Alors que j'avais écouté distraitement les sorties précédentes de Lead Into Gold (et ça remonte à 1990 et 2018), ce troisième long format m'a immédiatement accroché. La bascule vers la reconnaissance du talent s'effectuant avec la répétition hypnotique relevée de cuivres synthétiques sur "The Surface", titre central.
Suivre les travaux du talentueux Paul Barker (ex-Ministry) est une tâche nécessaire, tant l'entité de Ministry a généré de projets fantasques et souvent bons (Lard, Revolting Cocks, 1000 Homos DJ, Pigface….). Paul Barker le bassiste et producteur n'est pas en reste avec pas mal de projets où il intervient (USSA, Flowering Blight, Bells Into Machines, Puscifer...). Mais voilà, il me manquait à chaque fois une étincelle et je n'y trouvais pas ce que je cherchais.

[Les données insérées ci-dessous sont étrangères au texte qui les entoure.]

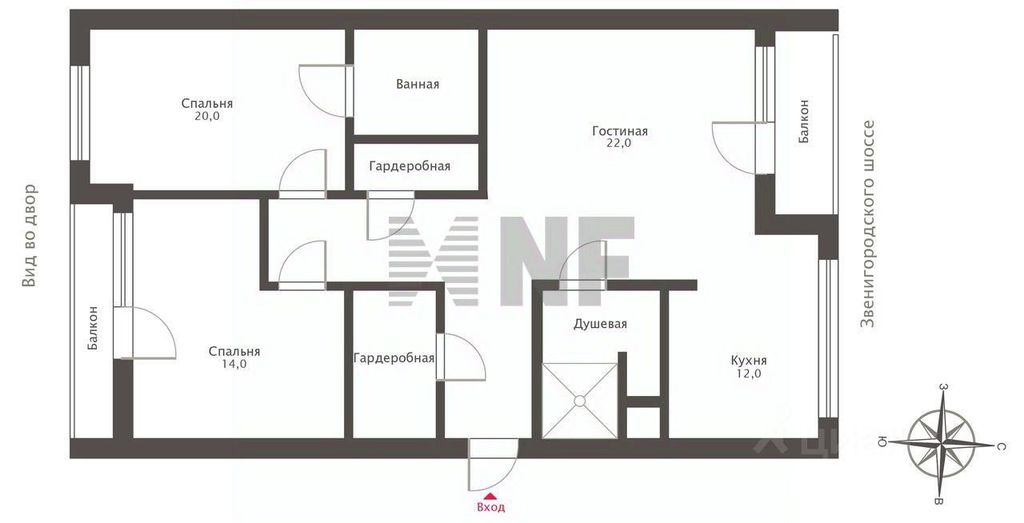 m. Ulitsa 1905 goda: Apartment, 3-rooms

Avec The Eternal Present, l'allumage a lieu dès le titre éponyme : les sons travaillés, la lenteur majestueuse, la montée du titre vers des sommets inquiétants tempérés par des chœurs discrets et efficaces, un sentiment de fin du monde et surtout une maîtrise parfaite de la dimension électronique ont fait la différence. Et, il y a cette bascule en sonorités Nine Inch Nails hyper convaincante au bout de trois minutes. Avec le troisième titre, "She lies beyond" (le plus long du disque, presque huit minutes !), je retrouve aussi une ambiance à la manière de Trent Reznor (même si les chatoiements percussifs sont plus délicats ici), et au fur et à mesure de la découverte de l'album, j'en viendrais à une pirouette : et si cet album de Lead Into Gold était le chaînon manquant entre Pretty Hate Machine et l'EP Wish ? Non pas pour réduire Barker à une copie de NIN, mais bien pour attester du haut degré de perfection de ce disque.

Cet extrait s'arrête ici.